(Captioned web images)
============

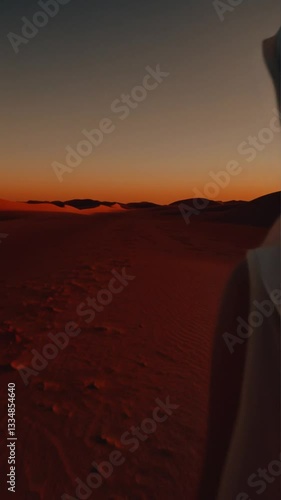 a girl walks through the desert at sunset wearing a veil.
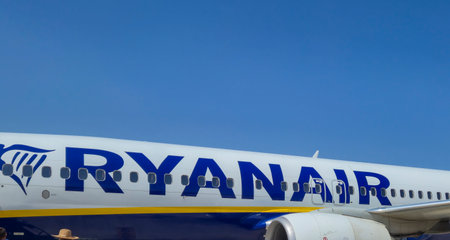 Alicante Spain - July 17 2025: A close-up view of a Ryanair airplane parked on the tarmac showcasing its iconic blue and yellow branding against a clear blue sky.のeditorial素材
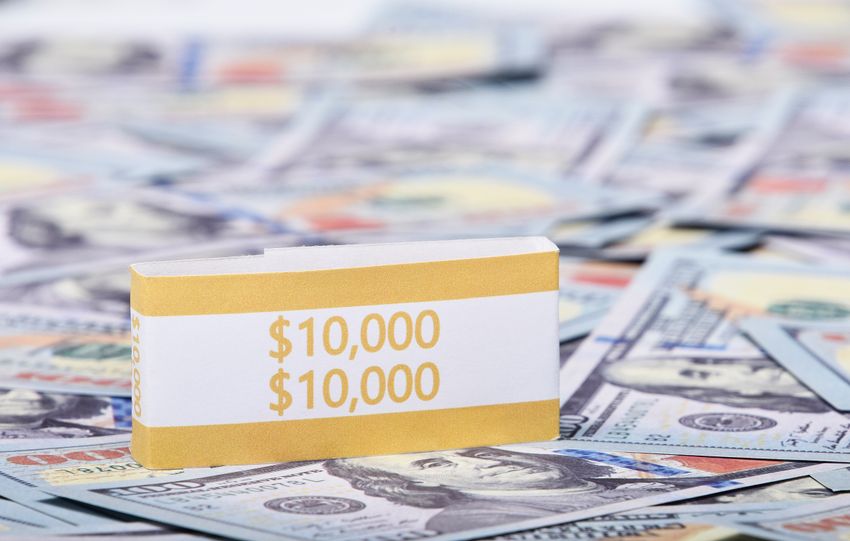 Close-up image of a stack of US dollars with a $10,000 band, symbolizing wealth and finance.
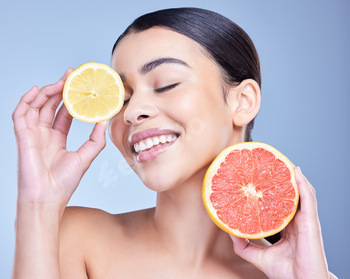 A happy smiling mixed race woman holding a lemon and grapefruit. Hispanic model promoting the skin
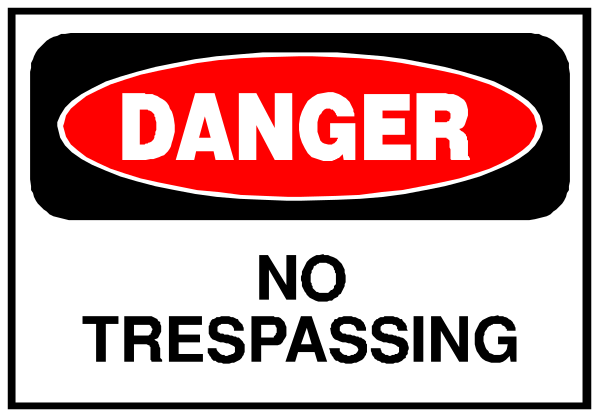 The image shows a sign with text that reads "DANGER TRESPASSING NO PARKING" on it.
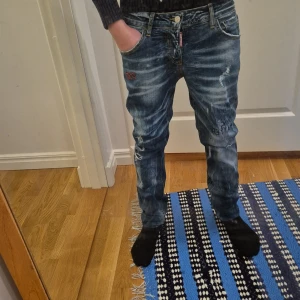 Blå jeans från Dsquared2 - Snygga blå jeans från Dsquared2 med slitna detaljer och broderad logga. De har en klassisk femficksdesign och knappgylf. Perfekta för en avslappnad stil med en touch av edge.står att de är w31 men de sitter hundra procent som en W28 L32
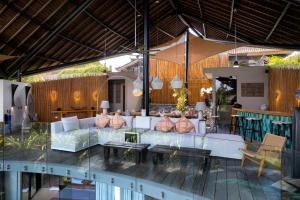 a lobby with a couch and tables and chairs at Villa Toraja in Canggu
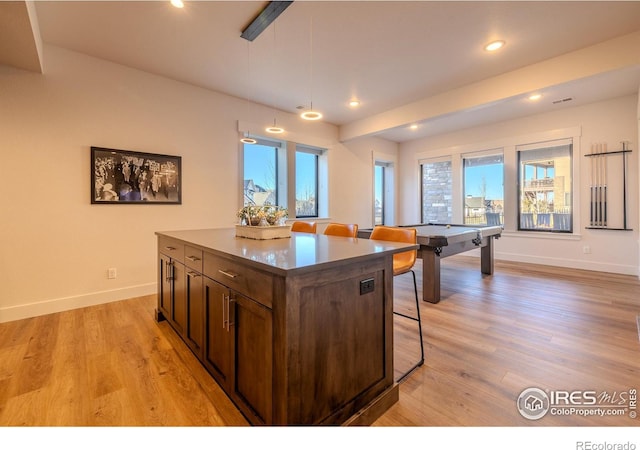 kitchen with a center island, light wood-type flooring, dark brown cabinetry, pendant lighting, and a breakfast bar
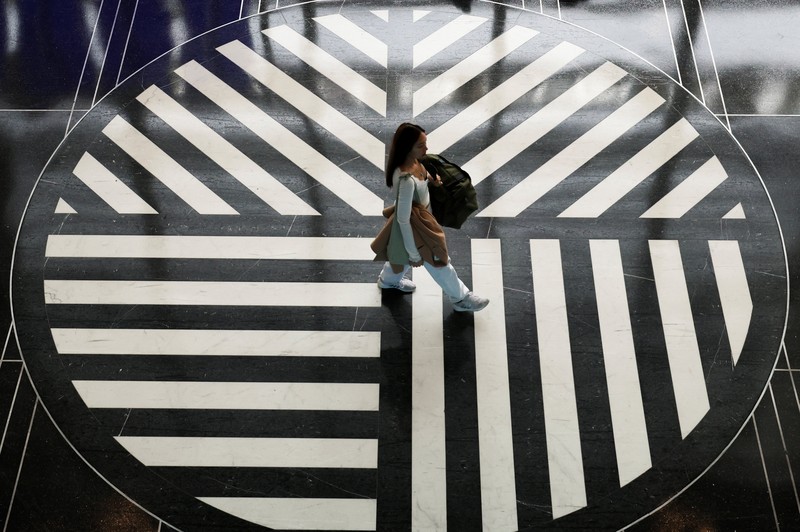 Penumpang berjalan melewati terminal pada hari perjalanan tersibuk di libur Thanksgiving, di Bandara Nasional Ronald Reagan Washington di Arlington, Virginia, AS, 25 November 2025. (REUTERS/Kevin Lamarque)
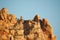 Red sandstone mountain formation, in Arizona in the U.S. Southwest with sheer cliff face.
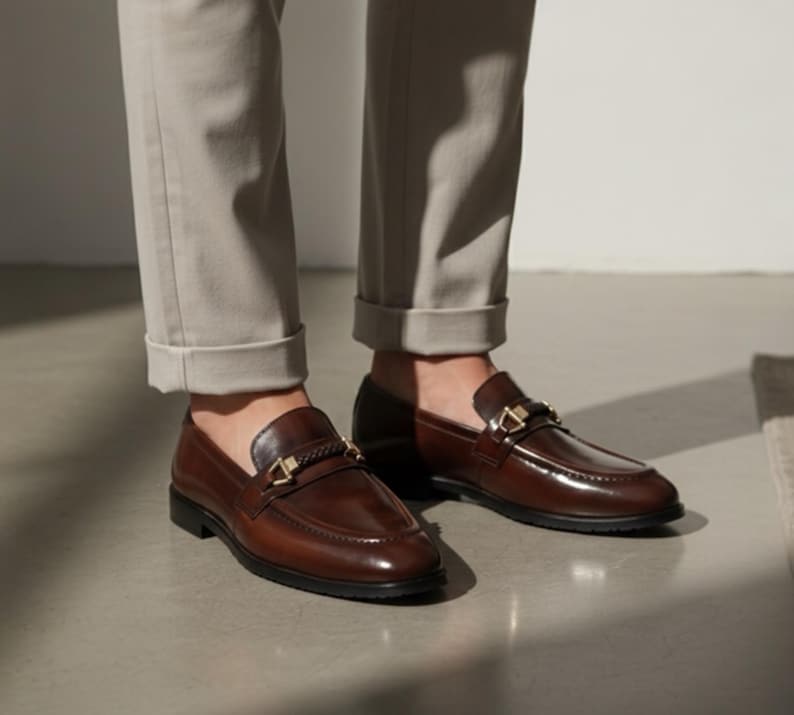 May include: Brown leather loafers with gold-colored accents. The shoes have a classic design with a polished finish and a decorative strap across the top. The loafers are worn with light-colored pants.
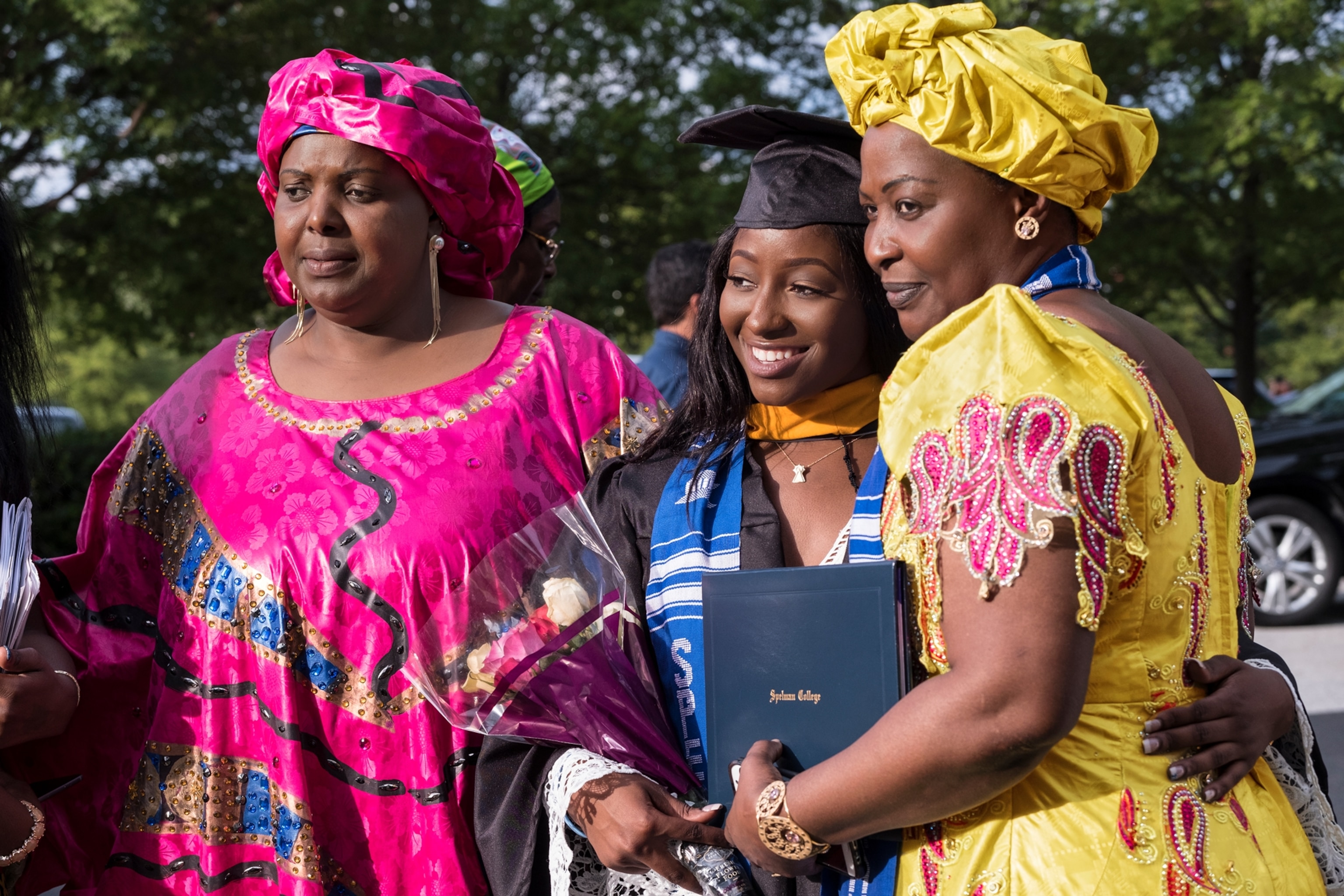 two African-American women in traditional dresses embracing another one in graduation gown.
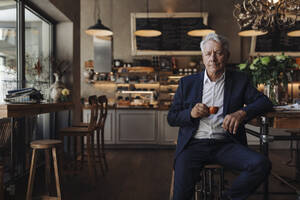 Porträt eines älteren Geschäftsmannes, der in einem Café Espresso trinkt - GUSF02647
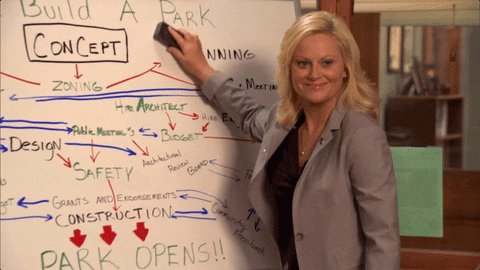Leslie at a whiteboard showing her plans for building a park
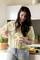 Une femme aux cheveux longs verse de l'eau d'une carafe dans un verre contenant une tranche de citron. Une cuisine est visible en arrière-plan.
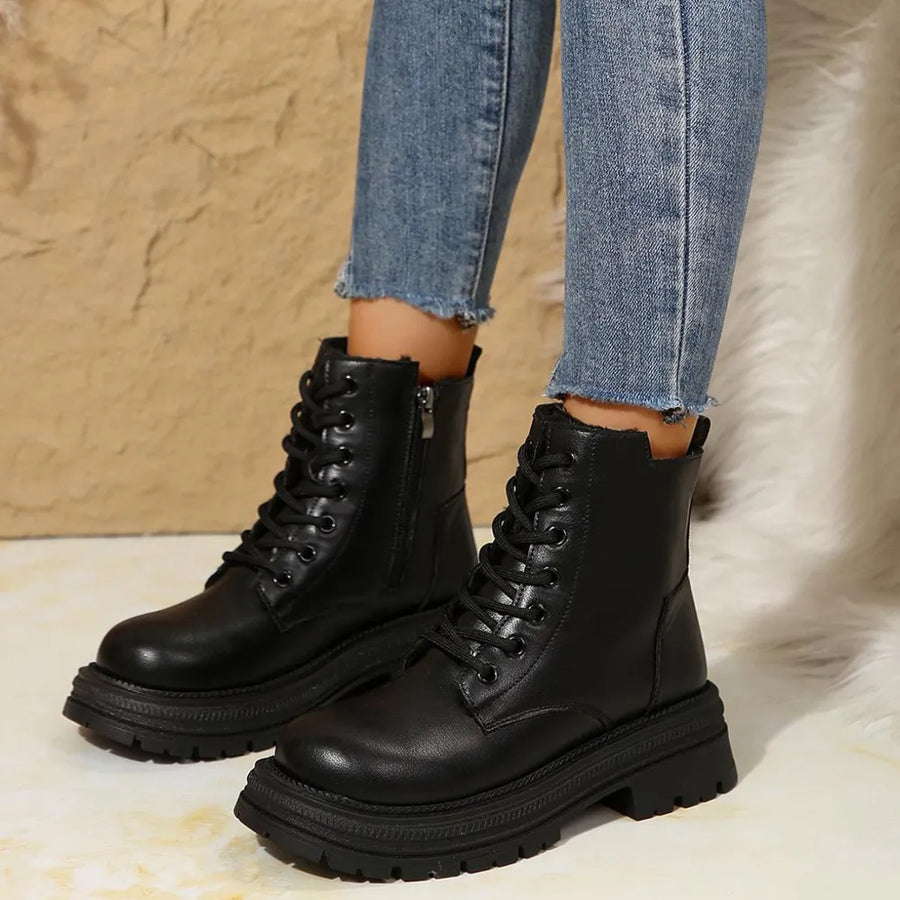 Black combat boots with side zip detail and lace-up front.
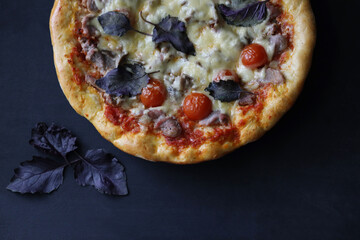 Delicious fresh pizza on a wooden table with basil leaves, mozzarella and cherry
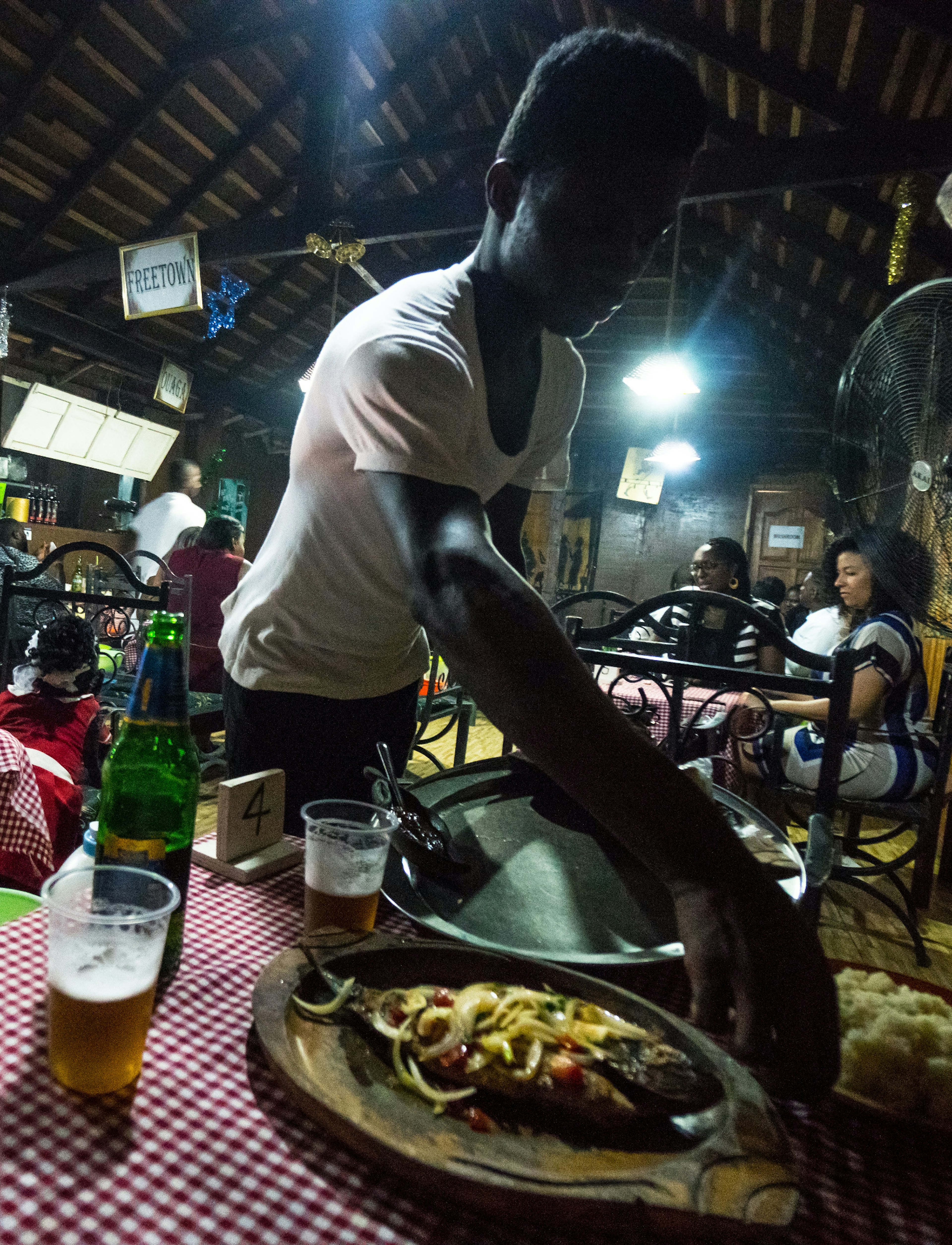 The dark and atmospheric confines of Chez Clarisse Mama Africa, a Ivorian restaurant known for its fried tilapia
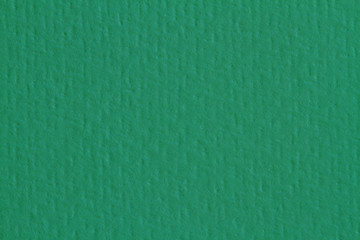 Green paper texture, dark background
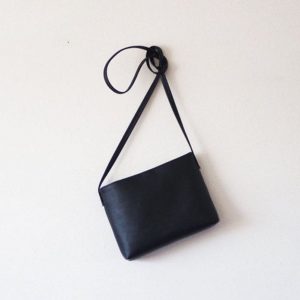 Sleek and Sophisticated The Minimalist Black Leather Crossbody Bag with Magnetic Closure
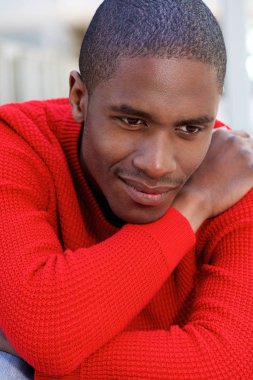 Çapraz silahlarla oturan adam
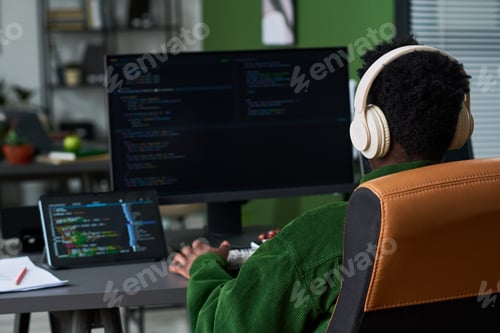 Preview: Black Man Coding at Home Office for Remote Software Development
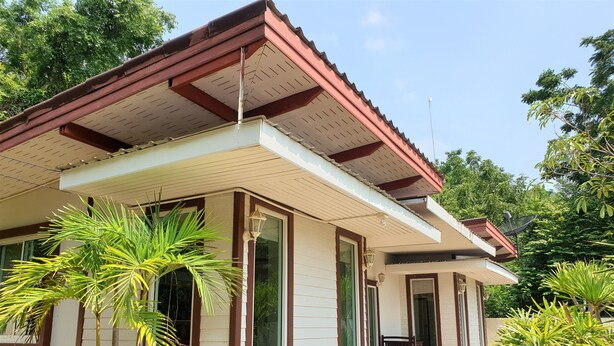 A two-story house with a red roof, large windows, and a small porch with a chair. - Sea Beach Koh Larn 3 (Koh Lan)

============

What to produce
Please reproduce the records above exactly, omitting every picture.

Solution for this problem
 a girl walks through the desert at sunset wearing a veil.
 Alicante Spain - July 17 2025: A close-up view of a Ryanair airplane parked on the tarmac showcasing its iconic blue and yellow branding against a clear blue sky.のeditorial素材
 Close-up image of a stack of US dollars with a $10,000 band, symbolizing wealth and finance.
 A happy smiling mixed race woman holding a lemon and grapefruit. Hispanic model promoting the skin
 The image shows a sign with text that reads "DANGER TRESPASSING NO PARKING" on it.
 Blå jeans från Dsquared2 - Snygga blå jeans från Dsquared2 med slitna detaljer och broderad logga. De har en klassisk femficksdesign och knappgylf. Perfekta för en avslappnad stil med en touch av edge.står att de är w31 men de sitter hundra procent som en W28 L32
 a lobby with a couch and tables and chairs at Villa Toraja in Canggu
 kitchen with a center island, light wood-type flooring, dark brown cabinetry, pendant lighting, and a breakfast bar
 Penumpang berjalan melewati terminal pada hari perjalanan tersibuk di libur Thanksgiving, di Bandara Nasional Ronald Reagan Washington di Arlington, Virginia, AS, 25 November 2025. (REUTERS/Kevin Lamarque)
 Red sandstone mountain formation, in Arizona in the U.S. Southwest with sheer cliff face.
 May include: Brown leather loafers with gold-colored accents. The shoes have a classic design with a polished finish and a decorative strap across the top. The loafers are worn with light-colored pants.
 two African-American women in traditional dresses embracing another one in graduation gown.
 Porträt eines älteren Geschäftsmannes, der in einem Café Espresso trinkt - GUSF02647
Leslie at a whiteboard showing her plans for building a park
 Une femme aux cheveux longs verse de l'eau d'une carafe dans un verre contenant une tranche de citron. Une cuisine est visible en arrière-plan.
 Black combat boots with side zip detail and lace-up front.
 Delicious fresh pizza on a wooden table with basil leaves, mozzarella and cherry
 The dark and atmospheric confines of Chez Clarisse Mama Africa, a Ivorian restaurant known for its fried tilapia
 Green paper texture, dark background
 Sleek and Sophisticated The Minimalist Black Leather Crossbody Bag with Magnetic Closure
 Çapraz silahlarla oturan adam
 Preview: Black Man Coding at Home Office for Remote Software Development
 A two-story house with a red roof, large windows, and a small porch with a chair. - Sea Beach Koh Larn 3 (Koh Lan)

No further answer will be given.